この本を読んだ感想となぜToshiさんが洗脳されてしまったのかなどを書ける範囲で紹介したいと思います。
X JAPANとToshiさんの経歴
Toshiさんは1965年に千葉県館山市に生まれました。三人兄弟の末っ子でした。
X JAPANリーダーのYOSHIKIさんとは幼馴染で、小学校の頃から一緒にバンドをやっていたそうです。
X JAPANの前身となるXというバンドを高校生の時に結成して、高校卒業後は上京して、メジャーデビューを目指して活動をしました。
1989年にCBS・ソニーからメジャーデビューをします。そして、1992年にバンド名をX JAPANに改名して、本格的に海外進出を目指します。
1997年にはヴォーカルのToshiさんが脱退して、1997年に9月22日にYOSHIKIさんが会見を行いX JAPANの解散が公表されました。
Toshiさんの洗脳生活が本格化するのは、X JAPANが解散していた1997~2007年の約10年です。ただし、セミナーの勧誘は1996年から始まっていて、X JAPANが再結成された後もすぐに洗脳が解けたわけではありません。
X JAPANは2007年の10月22日に再結成されて、この再結成をきっかけにしてToshiさんは洗脳から目覚めていくことになります。
Toshiさん洗脳のキッカケ
ToshiさんはX JAPANのヴォーカルとして活動していましたが、ロックスターとなり、人気とお金を得るようになってくると、周囲の人間の言動が変わってきてしまったことに深いショックを受けます。
本の内容をあまり詳しくは書けませんが、簡単にまとめると以下のようなことに悩んでいたようです。
- 家族がお金のトラブルを起こすようになった
- そのせいで他のメンバーにも迷惑がかかった
- 人間関係にもいろいろと悩んでいた
- 自分の歌が海外で通用するのか悩んでした
こういったことがあって人間不信になっていたToshiさんは、ロックオペラ『ハムレット』を通じて守谷香という女性と出会います。
この守谷がToshiさんをセミナーへ誘いX JAPANを辞めるように説得したのが一連の洗脳騒動のキッカケでした。
Toshiさんが受けた洗脳の実態
守谷の説得もあってX JAPANを抜けたToshiさんは、セミナーにのめり込んでいきます。
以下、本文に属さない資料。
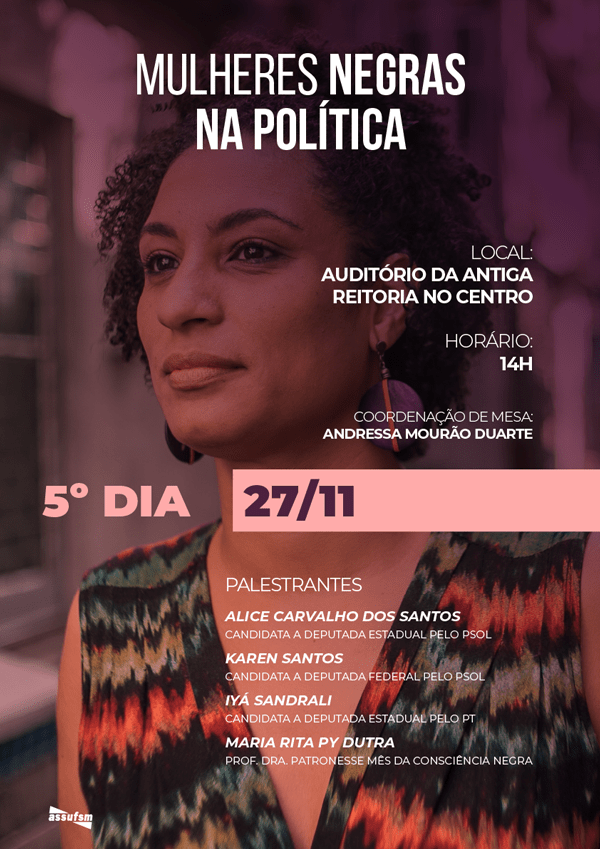Novembro Negro: Mulheres Negras na Política é tema de roda de conversa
最初は違和感があったようですが、セミナーを繰り返し受講すると、自分が卑しい人間に思えてきて、主催者のMASAYAの言葉に説得力を感じるようになりました。
セミナーでは、罵倒や暴力もあったようで、Toshiさんの脳裏にはそれが焼き付いてしまって、洗脳から中々抜け出せない原因になっていたようです。
X JAPANからの脱退も含めて、こういった一連のやり方は洗脳やカルト宗教では常套手段です。
- 家族や社会との関係を断たせて孤立させる
- 様々な手段(暴力・罵倒etc)で言いなりにさせる
- 財産を没収して生活基盤を奪う(カルト組織に依存させる)
- 徹底的に搾り取る
Toshiさんはこのような洗脳テクニックによって、10億以上のお金を奪われ、さらにはドサ回りの営業をさせられたのです。もちろん、営業で得た売上は全てMASAYAに渡っていて、Toshiさんには生活できる最低限のお金しか残らなかったようです。
洗脳が解けるキッカケ
2006年にX JAPANの再結成の話が舞い込んできます。Toshiさんは最初は断ったようですが、YOSHIKIさんの意向だと言われてその気になります。
セミナー主催者のMASAYAは当初はX JAPANのことを相当悪く言っていたようですが、再結成にあたって億単位の金が支払われるという話を聞くと、ToshiさんにX JAPANを再結成するように言ったようです。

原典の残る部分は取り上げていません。